Exercise prompt
Find the line below with "Ein ordentlich bezogenes" and the line with "Young child hangs". Output them and the lines between, exactly, but not the pictures.

Given entries
- Opening Delimiter -

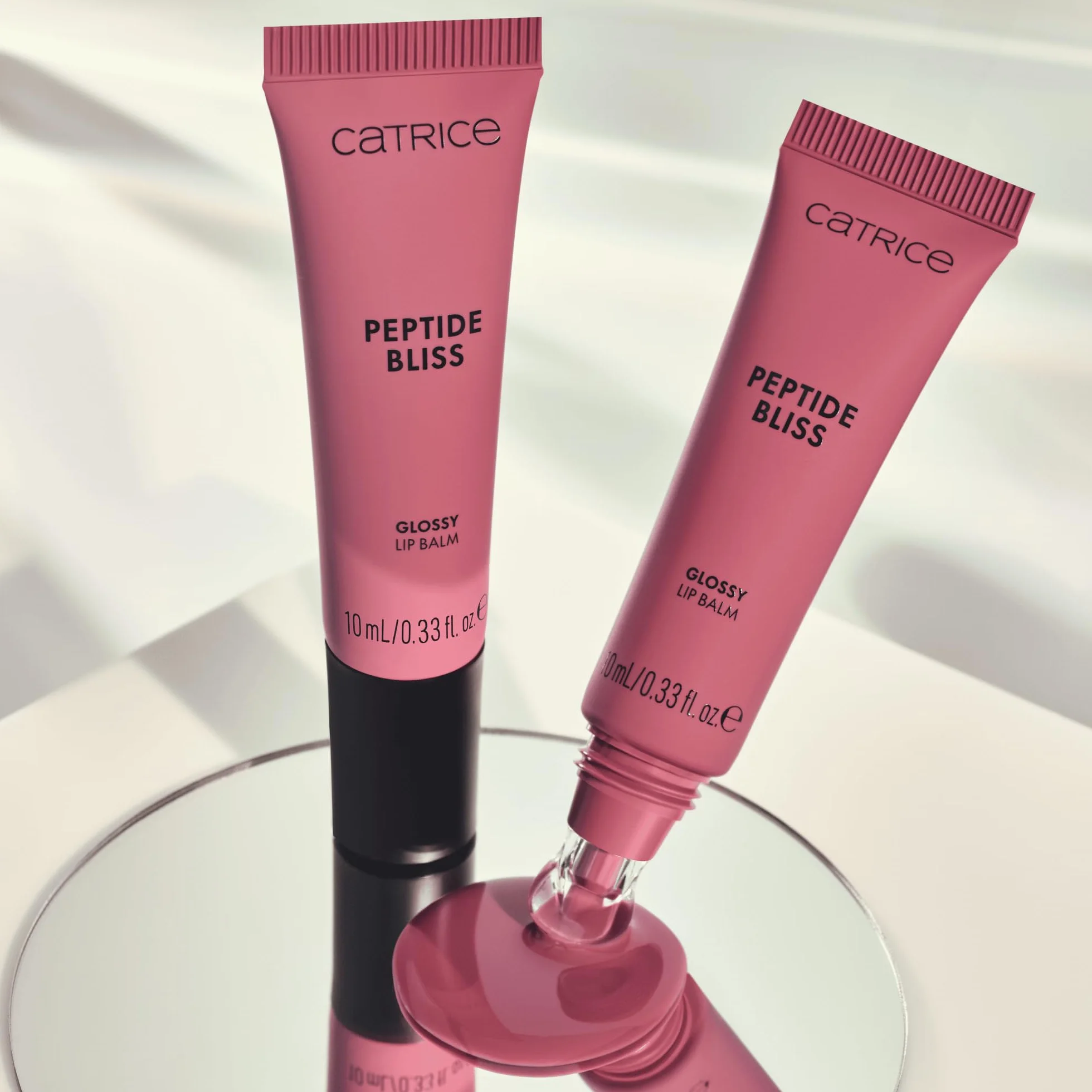 Catrice Lśniący balsam do ust Peptide Bliss Glosyy Lip Balm, nawilżanie, opieka, błyszczący, zroszony (10ml)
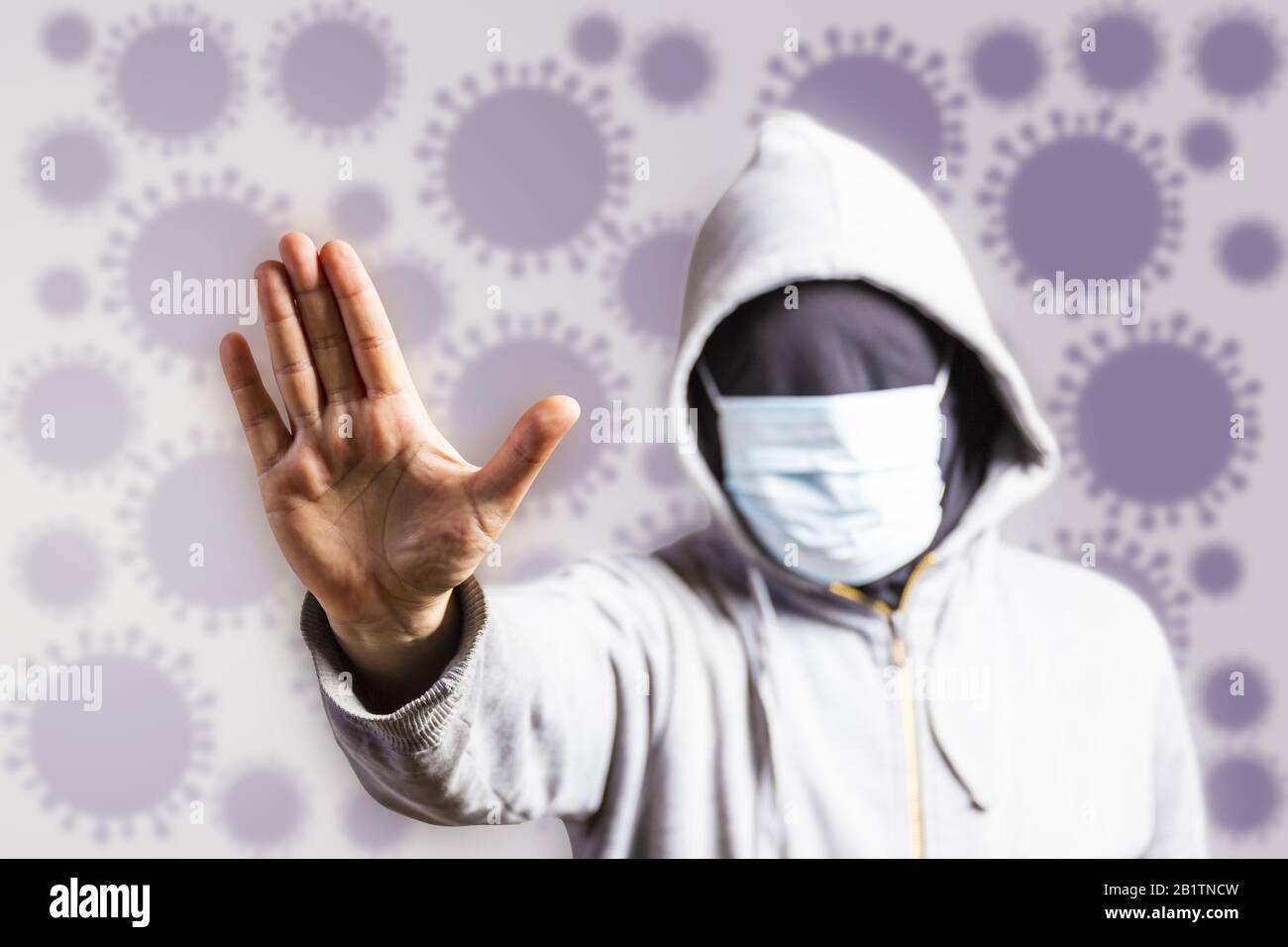 Homme non reconnaissable Avec sweat à capuche, portant un masque et montrant le geste d'arrêt de la main contre l'arrière-plan flou de virus - concept de santé - Stop corona virus Banque D'Images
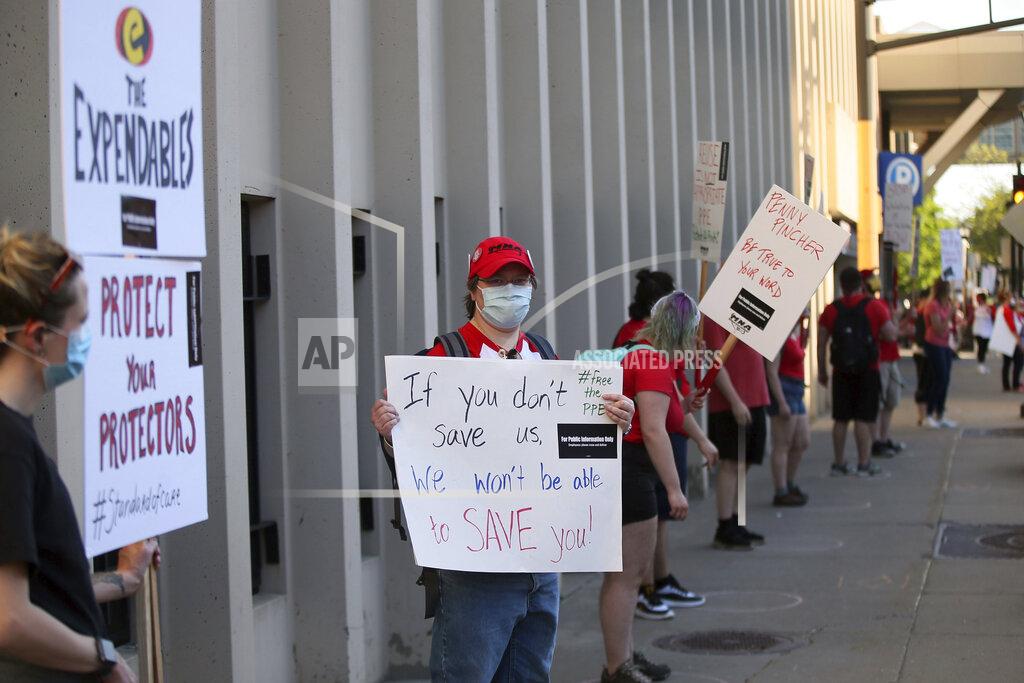 Jim Mone Nurses picket United Hospital, Wednesday, May 20, 2020, in St. Paul, Minn., as they seek a say in worker protections, increased personal protection resources with higher safety standards and an end to retaliation against workers who have tried to protect themselves from the coronavirus. (AP Photo/Jim Mone)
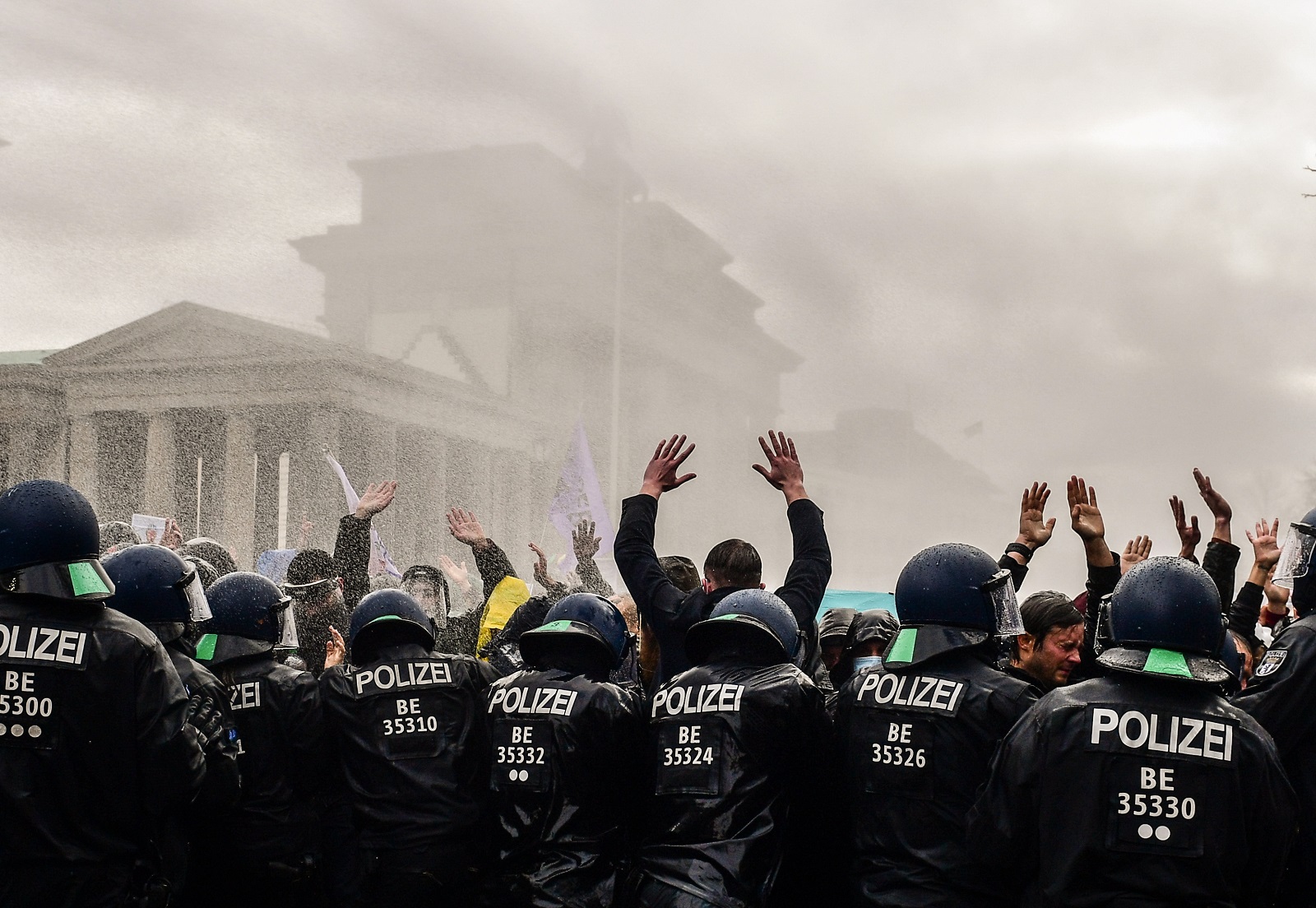 epa08827865 Riot police uses a water cannon to break up a demonstration against German coronavirus restrictions, near the Brandenburg Gate in Berlin, Germany, 18 November 2020. While German interior minister prohibited demonstrations around the Reichstag building during the parliamentary Bundestag session, people gathered to protest against government-imposed semi-lockdown measures aimed at curbing the spread of the coronavirus pandemic. Since 02 November, all restaurants, bars, cultural venues, fitness studious, cinemas and sports halls are forced to close for four weeks as a lockdown measure to rein in skyrocketing coronavirus infection rates.  EPA/FILIP SINGER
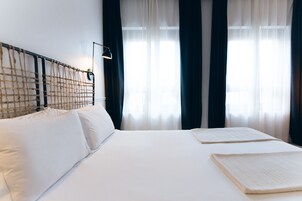 Ein ordentlich bezogenes Bett mit weißen Leinen, ein Kopfteil mit gewebtem Muster und eine Nachttischlampe.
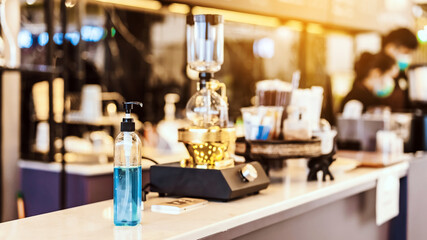 Blue alcohol gel bottle for hands cleaning to prevent the spreading of the Corona virus (Covid-19), Place the entrance service for customers  in the cafe. Healthcare concept. New normal lifestyle.
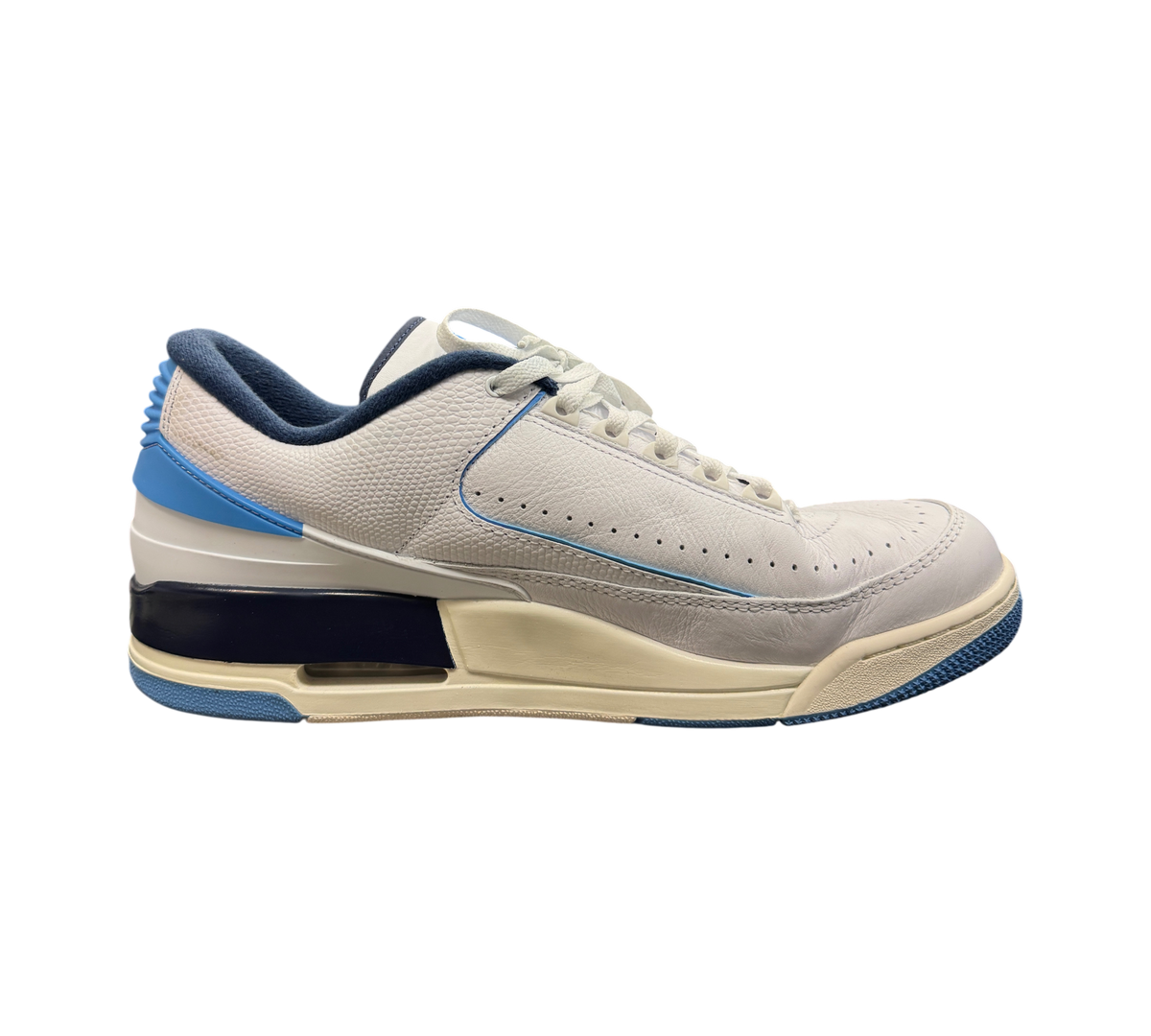 Genesis Boutique Jordan 2/3 UNC sneakers in white leather with university blue and navy accents on a glass display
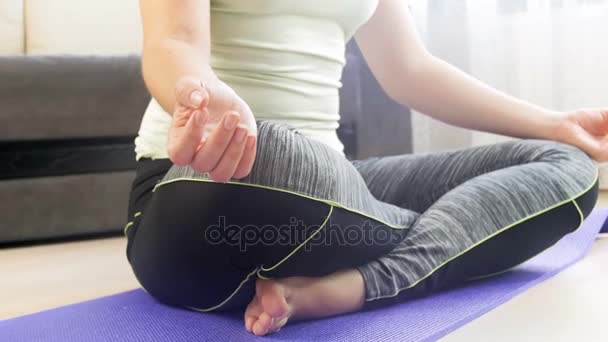 Primer plano imágenes de muñecas 4k de manos femeninas sentadas en yoga loto posan en colchoneta de fitness — Vídeos de Stock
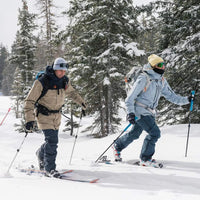 Två turåkare går med skidor genom snöig skog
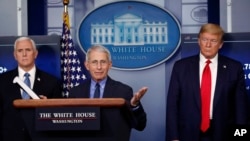 FILE - President Donald Trump and Vice President Mike Pence listen as Dr. Anthony Fauci, director of the National Institute of Allergy and Infectious Diseases, speaks about the coronavirus in the James Brady Press Briefing Room of the White House in Washi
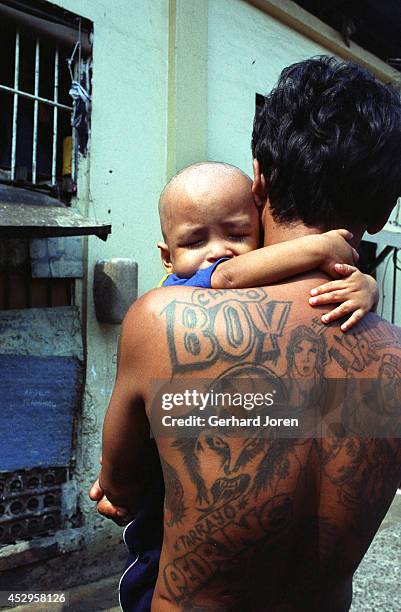 Young child hangs on to a member of the Batang City Jail gang. A number of children live with their fathers in their cells. Relatives of the inmates...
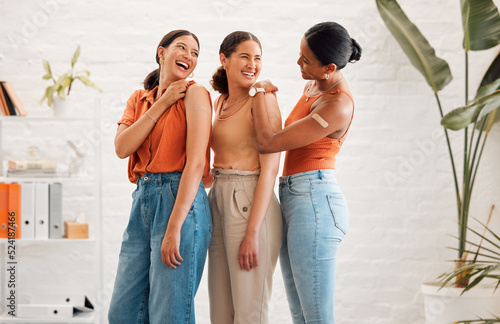 Female friends after receiving covid vaccine, happy and smiling, approving the immunity injection showing bandaid plaster arms. Diverse women recommend booster jab for protection from corona virus.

- Closing Delimiter -

Solved problem
 Ein ordentlich bezogenes Bett mit weißen Leinen, ein Kopfteil mit gewebtem Muster und eine Nachttischlampe.
 Blue alcohol gel bottle for hands cleaning to prevent the spreading of the Corona virus (Covid-19), Place the entrance service for customers  in the cafe. Healthcare concept. New normal lifestyle.
 Genesis Boutique Jordan 2/3 UNC sneakers in white leather with university blue and navy accents on a glass display
 Primer plano imágenes de muñecas 4k de manos femeninas sentadas en yoga loto posan en colchoneta de fitness — Vídeos de Stock
 Två turåkare går med skidor genom snöig skog
 FILE - President Donald Trump and Vice President Mike Pence listen as Dr. Anthony Fauci, director of the National Institute of Allergy and Infectious Diseases, speaks about the coronavirus in the James Brady Press Briefing Room of the White House in Washi
 Young child hangs on to a member of the Batang City Jail gang. A number of children live with their fathers in their cells. Relatives of the inmates...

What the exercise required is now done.